* [TASK] Write out the whole listing again, exactly.

SUPPLIED INFORMATION below:

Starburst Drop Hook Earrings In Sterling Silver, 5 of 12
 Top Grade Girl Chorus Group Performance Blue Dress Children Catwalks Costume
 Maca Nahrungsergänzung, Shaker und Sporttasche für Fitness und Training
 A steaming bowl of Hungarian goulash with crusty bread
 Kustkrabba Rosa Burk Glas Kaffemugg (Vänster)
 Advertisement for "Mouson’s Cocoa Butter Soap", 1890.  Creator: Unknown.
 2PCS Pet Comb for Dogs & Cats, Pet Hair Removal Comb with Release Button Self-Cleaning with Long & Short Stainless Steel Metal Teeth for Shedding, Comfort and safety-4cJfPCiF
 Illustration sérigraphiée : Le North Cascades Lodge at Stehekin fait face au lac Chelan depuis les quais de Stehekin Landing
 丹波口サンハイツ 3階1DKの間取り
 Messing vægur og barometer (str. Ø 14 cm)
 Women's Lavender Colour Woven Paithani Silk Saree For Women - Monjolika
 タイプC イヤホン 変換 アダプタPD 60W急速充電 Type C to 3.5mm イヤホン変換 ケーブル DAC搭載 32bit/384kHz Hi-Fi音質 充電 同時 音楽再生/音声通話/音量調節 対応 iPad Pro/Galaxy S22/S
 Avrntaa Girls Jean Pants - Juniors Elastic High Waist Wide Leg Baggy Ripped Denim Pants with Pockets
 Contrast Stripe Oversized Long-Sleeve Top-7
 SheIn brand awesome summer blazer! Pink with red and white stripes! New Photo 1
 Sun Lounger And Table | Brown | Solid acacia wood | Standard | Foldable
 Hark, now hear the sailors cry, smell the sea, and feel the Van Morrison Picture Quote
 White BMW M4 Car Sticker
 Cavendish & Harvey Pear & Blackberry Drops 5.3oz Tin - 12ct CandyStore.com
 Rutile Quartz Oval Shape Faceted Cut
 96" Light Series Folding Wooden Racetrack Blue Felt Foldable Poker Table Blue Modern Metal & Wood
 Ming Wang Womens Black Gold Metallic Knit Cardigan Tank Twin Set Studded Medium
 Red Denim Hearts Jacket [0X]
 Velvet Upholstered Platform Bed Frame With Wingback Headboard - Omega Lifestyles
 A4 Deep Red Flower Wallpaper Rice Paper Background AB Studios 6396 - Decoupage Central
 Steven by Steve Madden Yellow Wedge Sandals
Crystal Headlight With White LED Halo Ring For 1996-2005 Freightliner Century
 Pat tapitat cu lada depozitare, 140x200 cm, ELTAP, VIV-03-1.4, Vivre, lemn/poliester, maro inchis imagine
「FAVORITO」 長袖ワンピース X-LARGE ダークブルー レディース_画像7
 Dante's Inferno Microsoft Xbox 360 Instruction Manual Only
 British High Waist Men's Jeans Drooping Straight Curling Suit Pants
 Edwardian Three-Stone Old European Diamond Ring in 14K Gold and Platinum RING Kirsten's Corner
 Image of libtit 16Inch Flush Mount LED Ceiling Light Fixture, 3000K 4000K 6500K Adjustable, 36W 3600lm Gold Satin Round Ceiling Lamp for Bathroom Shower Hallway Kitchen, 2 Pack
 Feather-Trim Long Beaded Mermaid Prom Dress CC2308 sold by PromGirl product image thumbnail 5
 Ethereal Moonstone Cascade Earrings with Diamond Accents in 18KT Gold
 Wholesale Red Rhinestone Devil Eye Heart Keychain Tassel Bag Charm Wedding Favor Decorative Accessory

End of SUPPLIED INFORMATION.

* [EXERCISE ANSWER]
Starburst Drop Hook Earrings In Sterling Silver, 5 of 12
 Top Grade Girl Chorus Group Performance Blue Dress Children Catwalks Costume
 Maca Nahrungsergänzung, Shaker und Sporttasche für Fitness und Training
 A steaming bowl of Hungarian goulash with crusty bread
 Kustkrabba Rosa Burk Glas Kaffemugg (Vänster)
 Advertisement for "Mouson’s Cocoa Butter Soap", 1890.  Creator: Unknown.
 2PCS Pet Comb for Dogs & Cats, Pet Hair Removal Comb with Release Button Self-Cleaning with Long & Short Stainless Steel Metal Teeth for Shedding, Comfort and safety-4cJfPCiF
 Illustration sérigraphiée : Le North Cascades Lodge at Stehekin fait face au lac Chelan depuis les quais de Stehekin Landing
 丹波口サンハイツ 3階1DKの間取り
 Messing vægur og barometer (str. Ø 14 cm)
 Women's Lavender Colour Woven Paithani Silk Saree For Women - Monjolika
 タイプC イヤホン 変換 アダプタPD 60W急速充電 Type C to 3.5mm イヤホン変換 ケーブル DAC搭載 32bit/384kHz Hi-Fi音質 充電 同時 音楽再生/音声通話/音量調節 対応 iPad Pro/Galaxy S22/S
 Avrntaa Girls Jean Pants - Juniors Elastic High Waist Wide Leg Baggy Ripped Denim Pants with Pockets
 Contrast Stripe Oversized Long-Sleeve Top-7
 SheIn brand awesome summer blazer! Pink with red and white stripes! New Photo 1
 Sun Lounger And Table | Brown | Solid acacia wood | Standard | Foldable
 Hark, now hear the sailors cry, smell the sea, and feel the Van Morrison Picture Quote
 White BMW M4 Car Sticker
 Cavendish & Harvey Pear & Blackberry Drops 5.3oz Tin - 12ct CandyStore.com
 Rutile Quartz Oval Shape Faceted Cut
 96" Light Series Folding Wooden Racetrack Blue Felt Foldable Poker Table Blue Modern Metal & Wood
 Ming Wang Womens Black Gold Metallic Knit Cardigan Tank Twin Set Studded Medium
 Red Denim Hearts Jacket [0X]
 Velvet Upholstered Platform Bed Frame With Wingback Headboard - Omega Lifestyles
 A4 Deep Red Flower Wallpaper Rice Paper Background AB Studios 6396 - Decoupage Central
 Steven by Steve Madden Yellow Wedge Sandals
Crystal Headlight With White LED Halo Ring For 1996-2005 Freightliner Century
 Pat tapitat cu lada depozitare, 140x200 cm, ELTAP, VIV-03-1.4, Vivre, lemn/poliester, maro inchis imagine
「FAVORITO」 長袖ワンピース X-LARGE ダークブルー レディース_画像7
 Dante's Inferno Microsoft Xbox 360 Instruction Manual Only
 British High Waist Men's Jeans Drooping Straight Curling Suit Pants
 Edwardian Three-Stone Old European Diamond Ring in 14K Gold and Platinum RING Kirsten's Corner
 Image of libtit 16Inch Flush Mount LED Ceiling Light Fixture, 3000K 4000K 6500K Adjustable, 36W 3600lm Gold Satin Round Ceiling Lamp for Bathroom Shower Hallway Kitchen, 2 Pack
 Feather-Trim Long Beaded Mermaid Prom Dress CC2308 sold by PromGirl product image thumbnail 5
 Ethereal Moonstone Cascade Earrings with Diamond Accents in 18KT Gold
 Wholesale Red Rhinestone Devil Eye Heart Keychain Tassel Bag Charm Wedding Favor Decorative Accessory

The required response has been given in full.